┏━━

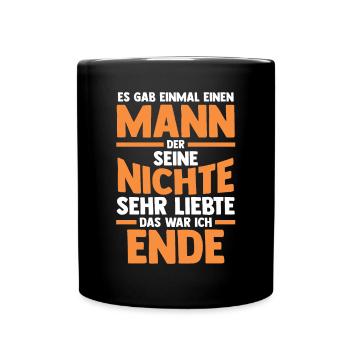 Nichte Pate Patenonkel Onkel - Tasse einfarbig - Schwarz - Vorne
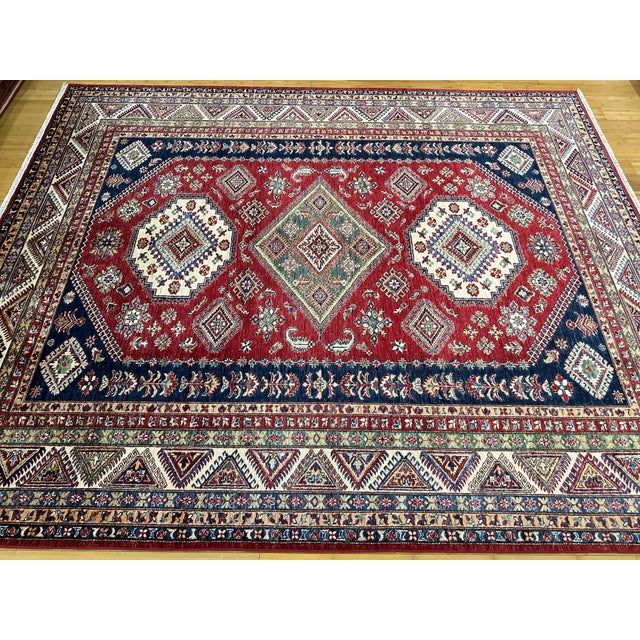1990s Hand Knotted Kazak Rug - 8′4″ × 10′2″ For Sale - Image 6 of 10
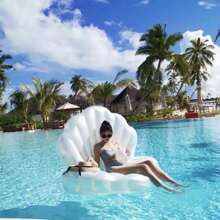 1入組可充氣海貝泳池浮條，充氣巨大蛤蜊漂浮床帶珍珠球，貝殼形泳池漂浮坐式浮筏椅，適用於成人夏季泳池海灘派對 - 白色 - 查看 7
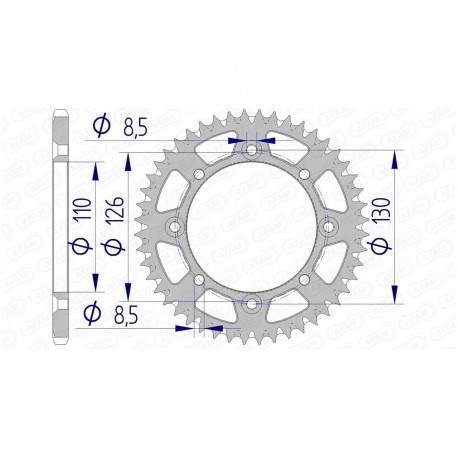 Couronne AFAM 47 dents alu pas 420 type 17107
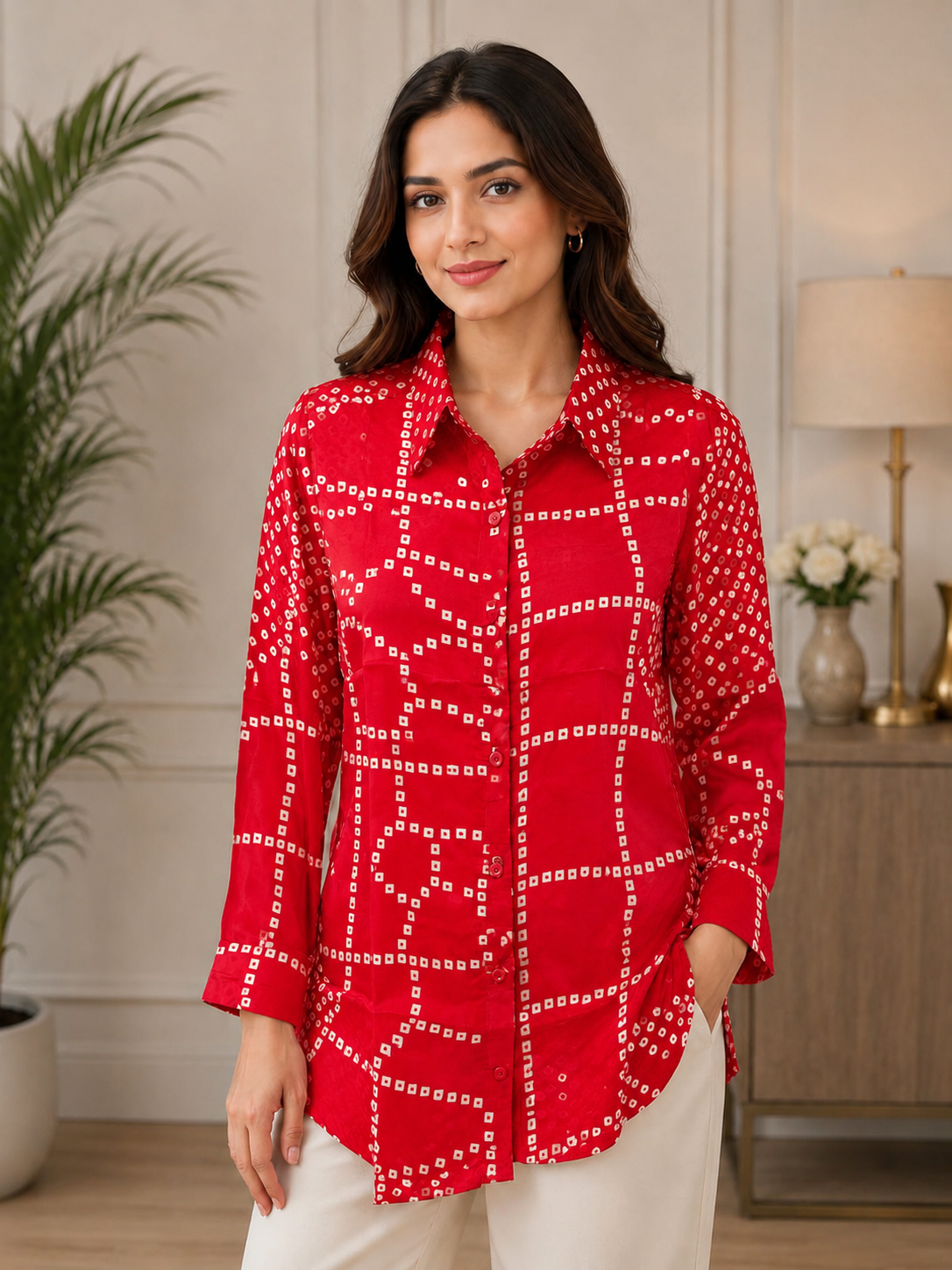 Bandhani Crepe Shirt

┗━━

### DIRECTIONS FOR THIS TASK
Could you output the entire listing verbatim while omitting its pictures?

### SOLUTION TO THIS TASK
 Nichte Pate Patenonkel Onkel - Tasse einfarbig - Schwarz - Vorne
1990s Hand Knotted Kazak Rug - 8′4″ × 10′2″ For Sale - Image 6 of 10
 1入組可充氣海貝泳池浮條，充氣巨大蛤蜊漂浮床帶珍珠球，貝殼形泳池漂浮坐式浮筏椅，適用於成人夏季泳池海灘派對 - 白色 - 查看 7
 Couronne AFAM 47 dents alu pas 420 type 17107
 Bandhani Crepe Shirt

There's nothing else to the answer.